Yes, it’s really a combination of things. First of all the team that we’ve built and David has built up in Alaska and Tennessee, as they’ve been really growing and adding just very qualified people to handle the increased amount of activity and we certainly wouldn’t increase our drilling activity beyond the capabilities of our current staff and we’re very proud of the folks that we have working. But we do feel that we can add some additional rigs.

We have our Board approved budget of almost $300 million of projects and acquisition over the first six months of this year and we have the projects that we’re not going to complete this year like Sabre that were in that budget and those were some big $30 million wells as a reason that we did not drill Sabre because we couldn’t find a rig that we found would be suitable in time to be in addition before the ice moved into the Cook Inlet.

So that won’t be drilled in our 2014 budget, but we felt that we have the capability to handle it.

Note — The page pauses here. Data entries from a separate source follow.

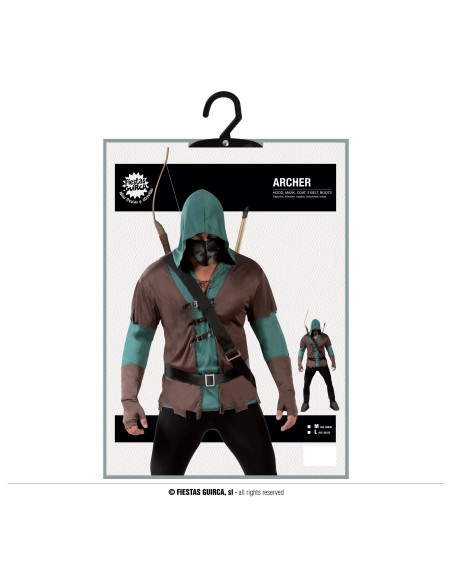Costume arciere medievale verde marrone con cappuccio tunica cinture e faretra frecce uomo
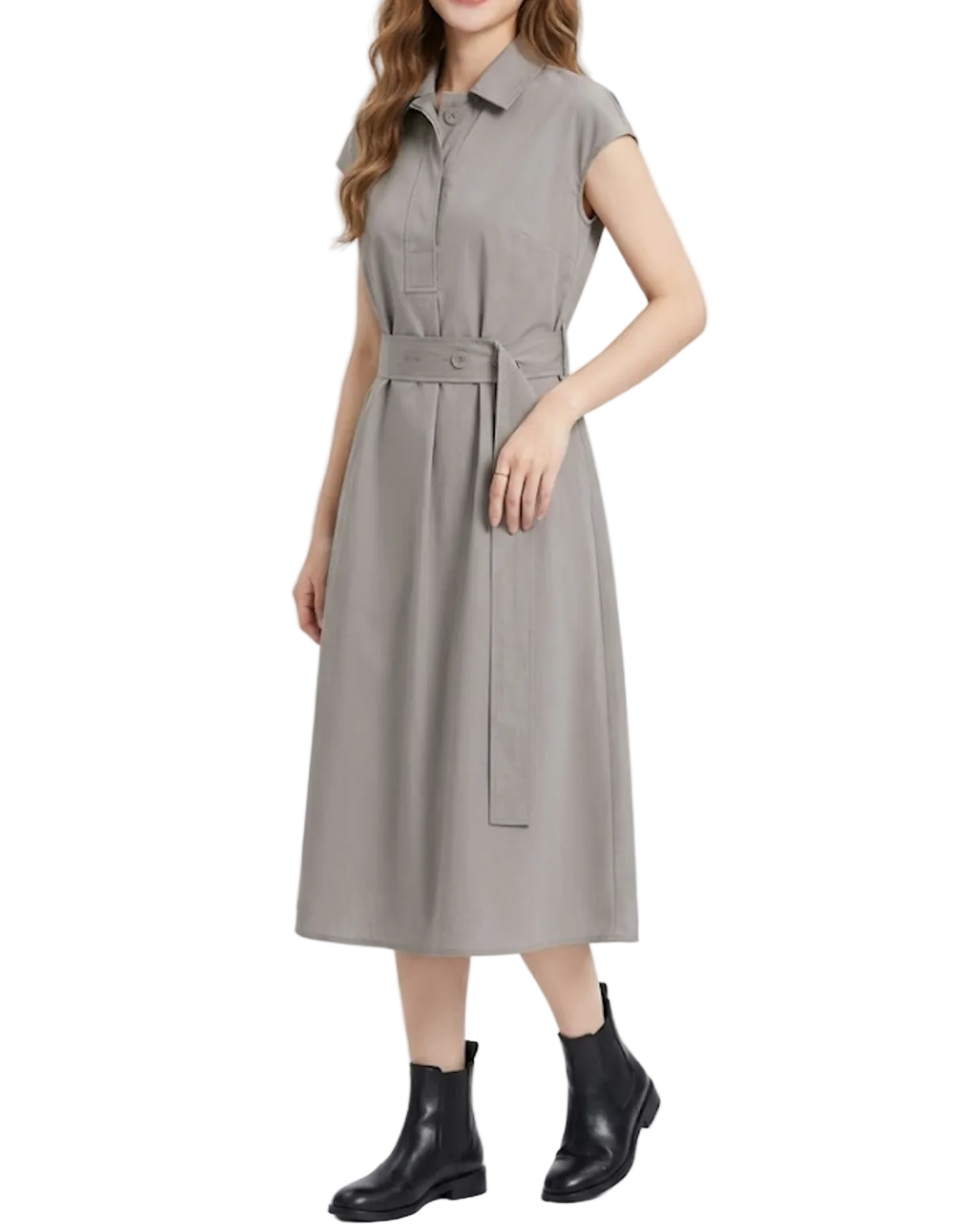 Trendy & Timeless Belted Waist Dresses for Women - B6-DRESS-17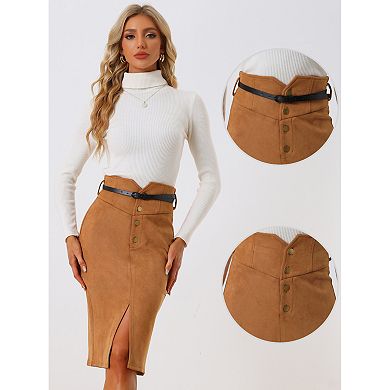 Faux Suede Skirt For Women's High Rise Button Front A-line Slit Skirt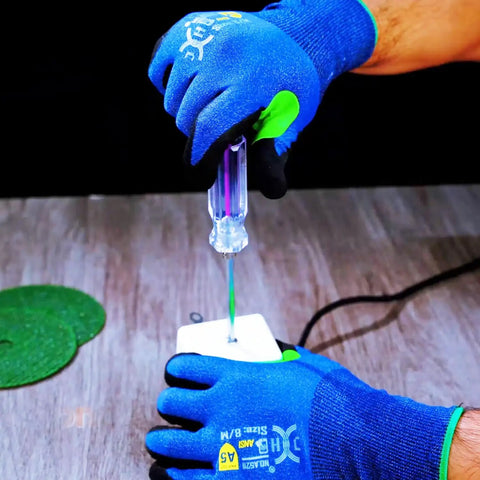 Person using Ultra Thin 24G A5 Cut Resistant Gloves With HPPE Breathable Grippy High Dexterity Fit Nitrile Palm Coating for precision work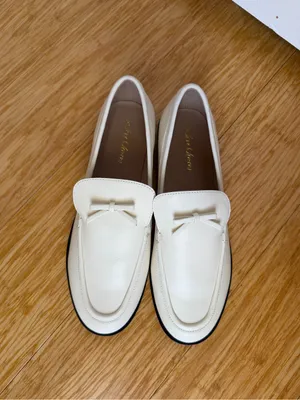 For Love & Lemons Helena Cream Leather Bow Loafers 39 US 8.5 NWOT thumbnail 4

With the Armstrong acquisition, we certainly feel that we have the ability to drill four wells a year and the team in place to do it.

So there are a number of things that could affect our CapEx, but we’re certainly not going to go beyond our capabilities as the expected increase and available capital is really into the business, is usual for us because we have not changed our development plan because of lack of capital. We’ve always found the capital that we needed and we still feel confident we’re going to do it.

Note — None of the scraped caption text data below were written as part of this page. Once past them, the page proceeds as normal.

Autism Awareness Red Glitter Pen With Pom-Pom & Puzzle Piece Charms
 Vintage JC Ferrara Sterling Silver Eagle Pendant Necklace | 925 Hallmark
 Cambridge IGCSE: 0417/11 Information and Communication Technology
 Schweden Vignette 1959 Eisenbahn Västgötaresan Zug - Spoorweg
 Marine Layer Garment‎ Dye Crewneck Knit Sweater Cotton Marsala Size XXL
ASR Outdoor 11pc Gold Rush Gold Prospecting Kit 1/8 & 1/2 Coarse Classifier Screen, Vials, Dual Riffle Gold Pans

So for next year we expect to have Rig 35. So next five years, Rig 35 drilling into the Redoubt Shoals structure that’s just been moved to this new leg. So there is seven wells that can be drilled from where it currently sits and we’ll expect to do that over the next two years.

Rig 34, as mentioned, is going up to Susitna and we’ll keep that rig busy this winter. And we’re looking for two new rigs. We’re looking for rigs to drill into the North Fork Field, are looking for rig to drill the Sabre prospect. The Patterson 191-Rig will continue to drill into the West McArthur River Unit and the West Foreland Field for as long as we can hold on to that rig.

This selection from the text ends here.